As the first step in the development of a virtual robotics laboratory, the REMOTE simulator, pictured right, allows students to input basic programs and view the simulated results.  The manipulator simulated by the first version of the REMOTE application is the Scorbot ER III; students program the simulation in the Scorbot's native language, Scorbase.

In order to maximize the effort invested in the development of the simulator, the application is easily configurable to simulate alternate manipulators.  Robot links are built out of 3D models developed in standard 3D editor software, and configured via a text file.  An inverse kinematics module must be developed for each robot manipulator with different topographies (i.e. 3-link with revolute joints is different from a 4-link with prismatic joints).  Different robot language parsers can be easily developed, and 'plugged in' to the simulator without requiring re-compilation of the entire application.

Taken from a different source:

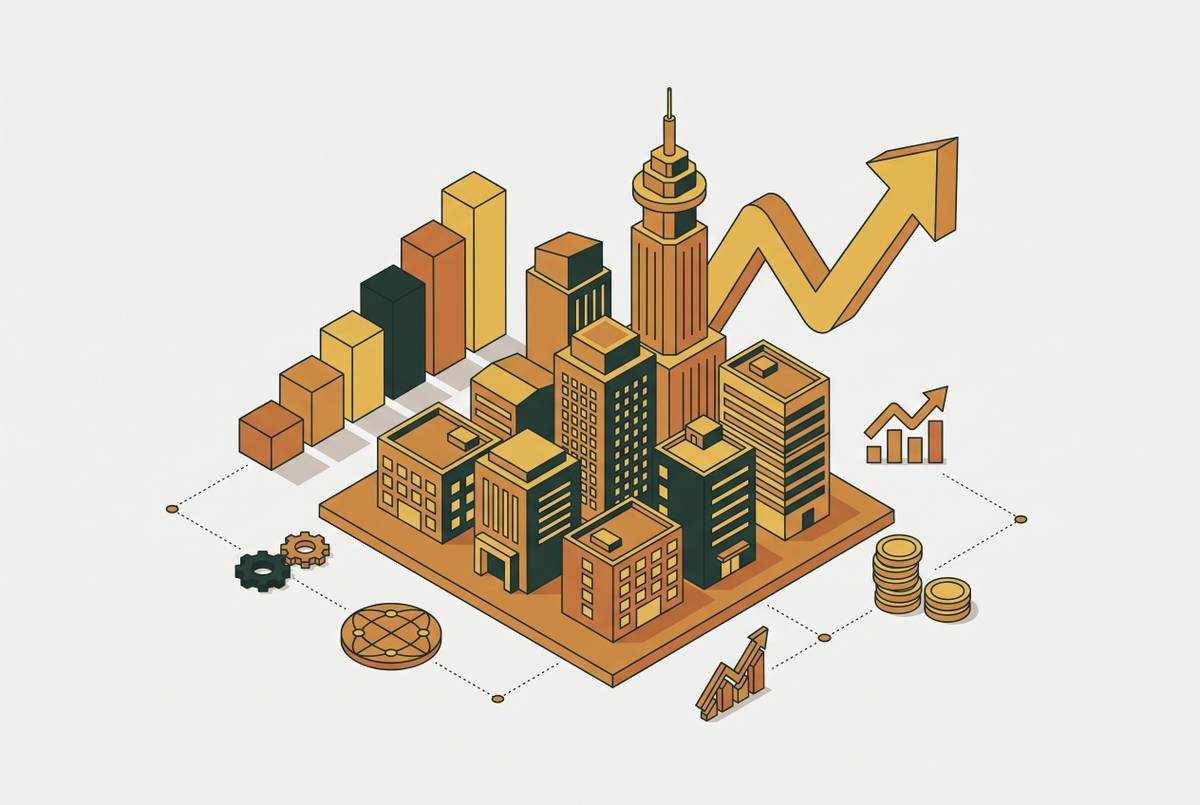 Cover illustration for “Commercial Real Estate Outlook for the Next Five Years”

The second step in the REMOTE project, yet to be undertaken by the School of Engineering, will be to integrate the simulator with an actual manipulator.  By doing this, students will be able to remotely conduct robotics experiments, watching the results via streaming video over the Internet.  Another student at SFU has already succeeded in creating a simple server which accepts Scorbase commands from the user via an applet on a web page.  It should be a fairly straightforward process to incorporate the client-side applet code into REMOTE's simulation structure.

The current release of REMOTE is fully functional, providing a 3D model representation of the current state of the robot as the simulation is being run.  All of the usual amenities common to most of today's applications are present: graphical toolbar, tooltips, and online help are all present.

Some parts of REMOTE could be enhanced further still: The 3D model decoder used by the simulator is not capable of decoding material color or surface characteristics (reflectivity, absorption, diffuse reflectivity), rendering the model in a rather unrealistic shiny plastic grey.

Future versions of REMOTE should incorporate a more generalized simulation architecture, to allow for 'real world' simulation.  For example, if a manipulator is holding a ball and the manipulator releases the ball, the ball should fall under the force of gravity.  Of course, this assume that the environment is simulating Earth conditions; it should be possible to simulate other environments, such as underwater, zero-gravity, or viscous fluid environments.